Writing for The Next Web, Abhimanyu Ghoshal nails Tim Cook with a Catch-22.
”Tim Cook says the PC is dead… but Apple’s still making desktops and laptops.”
Wow, that’s crazy talk! Did Tim Cook actually use those words and say the PC is dead?!
Are you new here? To the Internet? First day? Is that it?
Well, first of all, welcome. We’re so happy you’ve joined us. Second, get ready for disappointment.
Here’s what Tim Cook said:
The iPad Pro is a replacement for a notebook or a desktop for many, many people. They will start using it and conclude they no longer need to use anything else, other than their phones.
This is not up for debate. Unless you’re looking to manufacture debate. Unless, say, you work at the debate mills and your overbearing, union-busting foreman insists the mills must run even though your buddy Jerry lost a hand in the mill on Wednesday after writing a piece wondering if the Android version of Apple Music is a deliberate insult to Android users everywhere.
Aaand Ghoshal apparently works at said mill.
Those are fighting words, Tim. And perhaps not the best chosen ones, since Apple launched a new MacBook as well as a new iMac earlier this year.
Did Cook say that all Mac users must hand over their Macs to Apple’s jack-booted thugs and replace them with iPads or report for reeducation? Yes, he did. If you speak the nutso von butso coded language of the Apple outrage tribe.
…I feel like it’s wrong to simplify customers’ needs and preferences so bluntly.
“Many people” is the new “everyone”. And why not “everyone must” while we’re at it? This thing literally goes up to 11 now that we’ve written “11” with a Sharpie just past 10.
Ghoshal seems to think you can’t even write on the iPad.
I shudder to think how long it would take and how frustrating it would be to write this article—making notes, referring to several posts, editing images—on anything that didn’t have a mouse and keyboard.
So… you haven’t even tried it. That might be part of your problem.

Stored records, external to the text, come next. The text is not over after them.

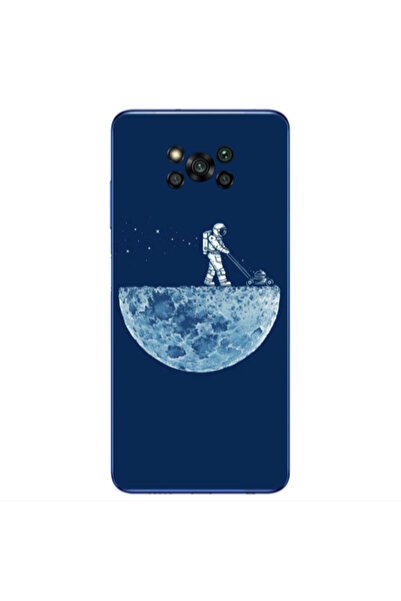 Other Xiaomi Poco X3 /X3 Pro Mowing the moon Transparent Silicone TPU Θήκη
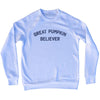 Great Pumpkin Believer Adult Tri-Blend Sweatshirt by Tribe Lacrosse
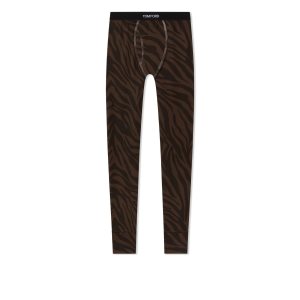 Tom Ford Zebra Bomull Pyjamasbyxor Herr Beige | 917IULFTP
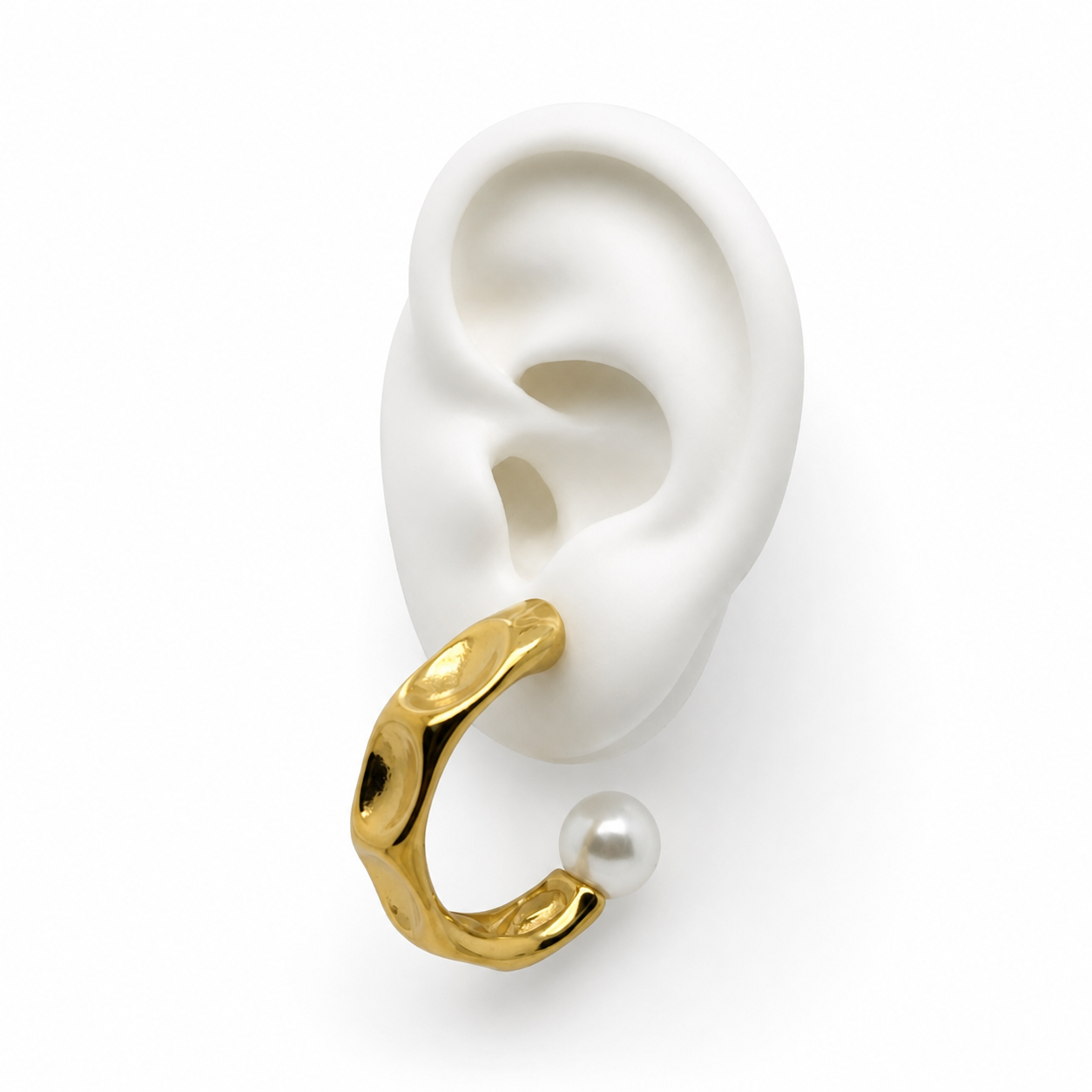 CURVED ARGOLLA EARRINGS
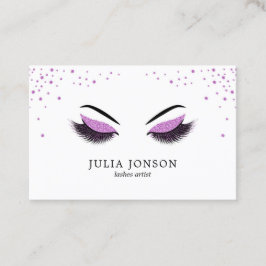 Cartão de visita de artista de ativação com efeito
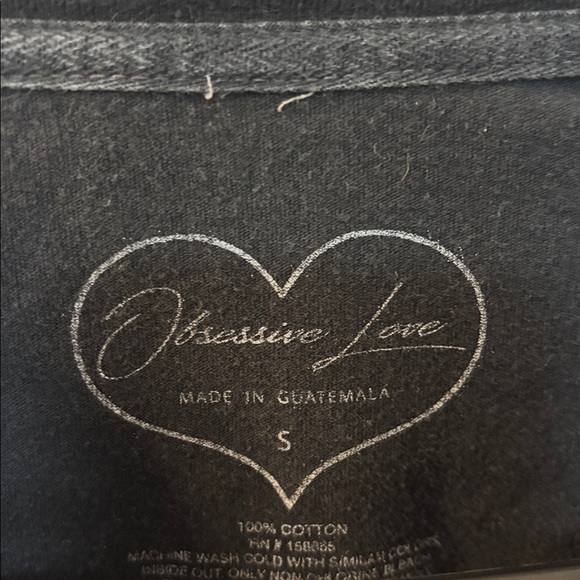 Obsessive Love Not My First Rodeo Cropped Tee - Picture 3 of 4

As luck would have it, the Macalope wrote this piece about your piece all on an iPad Air 2 with a Bluetooth keyboard. This isn’t unusual, he’s written many, many columns on iPads going all the way back to the original iPad. It’s not some black art requiring sacrificing a goat to the Dark One (like trying to AirDrop between iOS and the Mac). On the latest iPads, Split screen makes writing and referring to other materials pretty easy. As Jason Snell noted three years ago, one of the benefits of writing on the iPad is that it presents fewer distractions than the desktop.
Not all the reviews of the iPad Pro have been perfectly glowing, but here’s a smattering of other opinions about it ability to replace a Mac.
I don’t see myself using a Mac as my primary computer ever again.
Is it a MacBook replacement for me, personally? No. For you? Maybe. For many people? Yes.
…the iPad Pro absolutely, 100% could be the central computing device for a home. Many days, I run TechCrunch from my phone. On those days, the ‘traditional’ computers in my household lie dormant, completely. If you think this is an edge case, you are blinding yourself to the way the world has changed.
Lastly, the debate around what can and can’t be done on a PC, smartphone, or tablet is nonsense. People say you need a real PC with a mouse and keyboard to do real work. That’s simply not true.
This debate is over. It was over years ago. No one, even Tim Cook, is saying an iPad can do everything a laptop or desktop can do right now. What people are saying is that, depending on your needs, the iPad might be able to do everything you need to do and, when you can pay less for it than a Mac or PC, why not ask yourself if it can?
Which is exactly what Cook said. The Macalope’s not sure why this is so confusing but here we are.